[Task inputs — start]

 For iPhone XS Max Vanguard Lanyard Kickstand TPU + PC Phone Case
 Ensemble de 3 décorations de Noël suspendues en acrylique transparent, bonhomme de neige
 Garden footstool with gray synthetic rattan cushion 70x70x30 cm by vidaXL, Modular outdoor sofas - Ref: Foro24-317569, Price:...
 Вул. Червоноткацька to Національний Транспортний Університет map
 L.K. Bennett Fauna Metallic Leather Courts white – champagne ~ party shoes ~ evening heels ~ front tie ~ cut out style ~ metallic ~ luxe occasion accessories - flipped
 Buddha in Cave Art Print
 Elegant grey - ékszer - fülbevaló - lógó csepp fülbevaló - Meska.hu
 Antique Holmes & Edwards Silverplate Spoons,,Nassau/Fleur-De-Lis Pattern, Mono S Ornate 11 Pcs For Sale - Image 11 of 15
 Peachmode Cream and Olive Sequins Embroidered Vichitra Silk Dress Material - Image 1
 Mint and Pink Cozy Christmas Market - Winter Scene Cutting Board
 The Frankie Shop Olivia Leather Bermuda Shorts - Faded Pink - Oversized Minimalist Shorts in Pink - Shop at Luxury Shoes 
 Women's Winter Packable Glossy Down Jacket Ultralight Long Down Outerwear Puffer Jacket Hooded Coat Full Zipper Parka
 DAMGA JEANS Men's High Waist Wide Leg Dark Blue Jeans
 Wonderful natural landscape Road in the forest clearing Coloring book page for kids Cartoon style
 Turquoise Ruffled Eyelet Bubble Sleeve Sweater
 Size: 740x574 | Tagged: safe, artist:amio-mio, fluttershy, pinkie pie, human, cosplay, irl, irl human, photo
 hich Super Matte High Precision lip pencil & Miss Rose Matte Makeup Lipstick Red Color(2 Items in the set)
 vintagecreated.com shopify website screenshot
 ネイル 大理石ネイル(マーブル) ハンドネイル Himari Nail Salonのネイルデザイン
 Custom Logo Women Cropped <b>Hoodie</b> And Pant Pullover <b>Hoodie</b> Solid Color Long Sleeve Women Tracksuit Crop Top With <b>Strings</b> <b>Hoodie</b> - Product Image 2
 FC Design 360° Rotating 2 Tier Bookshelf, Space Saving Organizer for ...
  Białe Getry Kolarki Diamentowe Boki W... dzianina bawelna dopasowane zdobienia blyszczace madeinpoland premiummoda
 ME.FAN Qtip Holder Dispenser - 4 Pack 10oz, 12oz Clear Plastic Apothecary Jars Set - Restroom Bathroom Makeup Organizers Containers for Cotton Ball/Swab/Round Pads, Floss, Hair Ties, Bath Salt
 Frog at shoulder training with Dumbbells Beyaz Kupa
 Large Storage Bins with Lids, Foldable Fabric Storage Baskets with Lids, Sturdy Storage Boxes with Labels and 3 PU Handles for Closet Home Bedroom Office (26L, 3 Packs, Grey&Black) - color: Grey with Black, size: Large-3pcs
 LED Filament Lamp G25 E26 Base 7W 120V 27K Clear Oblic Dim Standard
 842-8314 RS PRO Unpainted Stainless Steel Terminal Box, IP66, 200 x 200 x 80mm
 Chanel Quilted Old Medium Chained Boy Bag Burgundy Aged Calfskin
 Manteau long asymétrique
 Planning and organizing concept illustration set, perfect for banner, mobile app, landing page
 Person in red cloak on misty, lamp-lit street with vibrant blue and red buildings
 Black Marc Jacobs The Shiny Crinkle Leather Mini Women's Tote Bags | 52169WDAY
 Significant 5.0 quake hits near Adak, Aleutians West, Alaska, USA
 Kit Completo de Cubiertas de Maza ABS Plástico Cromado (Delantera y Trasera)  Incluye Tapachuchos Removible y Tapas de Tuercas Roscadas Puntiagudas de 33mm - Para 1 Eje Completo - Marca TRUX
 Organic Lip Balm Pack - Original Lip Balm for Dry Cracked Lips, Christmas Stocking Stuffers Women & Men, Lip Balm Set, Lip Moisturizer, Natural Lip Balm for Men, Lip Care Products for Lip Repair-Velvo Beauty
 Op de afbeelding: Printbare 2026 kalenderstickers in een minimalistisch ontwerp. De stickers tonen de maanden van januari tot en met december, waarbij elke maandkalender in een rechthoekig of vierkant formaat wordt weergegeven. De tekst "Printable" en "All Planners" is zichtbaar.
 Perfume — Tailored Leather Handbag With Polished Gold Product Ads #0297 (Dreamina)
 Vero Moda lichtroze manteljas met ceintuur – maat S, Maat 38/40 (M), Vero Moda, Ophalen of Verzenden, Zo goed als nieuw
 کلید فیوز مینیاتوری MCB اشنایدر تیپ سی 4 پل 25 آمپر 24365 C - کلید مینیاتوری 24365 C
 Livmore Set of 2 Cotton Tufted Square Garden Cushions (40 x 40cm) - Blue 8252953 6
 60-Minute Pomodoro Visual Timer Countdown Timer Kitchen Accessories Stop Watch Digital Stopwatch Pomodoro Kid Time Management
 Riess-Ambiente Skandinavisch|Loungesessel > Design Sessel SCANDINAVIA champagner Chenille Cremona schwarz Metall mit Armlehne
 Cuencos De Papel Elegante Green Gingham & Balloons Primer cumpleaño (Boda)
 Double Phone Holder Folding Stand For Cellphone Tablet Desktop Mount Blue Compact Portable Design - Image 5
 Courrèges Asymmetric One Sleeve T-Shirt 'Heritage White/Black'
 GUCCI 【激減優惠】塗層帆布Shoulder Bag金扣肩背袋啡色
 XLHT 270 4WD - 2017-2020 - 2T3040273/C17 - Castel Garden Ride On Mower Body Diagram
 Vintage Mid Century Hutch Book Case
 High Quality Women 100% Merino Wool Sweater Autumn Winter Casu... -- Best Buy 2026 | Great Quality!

[Task inputs — finish]

Work required => Looking at the data above, return every line from the one with "Buddha in Cave Art Print" down to the one with "Women's Winter Packable", exactly and inclusively.

Response below =>
 Buddha in Cave Art Print
 Elegant grey - ékszer - fülbevaló - lógó csepp fülbevaló - Meska.hu
 Antique Holmes & Edwards Silverplate Spoons,,Nassau/Fleur-De-Lis Pattern, Mono S Ornate 11 Pcs For Sale - Image 11 of 15
 Peachmode Cream and Olive Sequins Embroidered Vichitra Silk Dress Material - Image 1
 Mint and Pink Cozy Christmas Market - Winter Scene Cutting Board
 The Frankie Shop Olivia Leather Bermuda Shorts - Faded Pink - Oversized Minimalist Shorts in Pink - Shop at Luxury Shoes 
 Women's Winter Packable Glossy Down Jacket Ultralight Long Down Outerwear Puffer Jacket Hooded Coat Full Zipper Parka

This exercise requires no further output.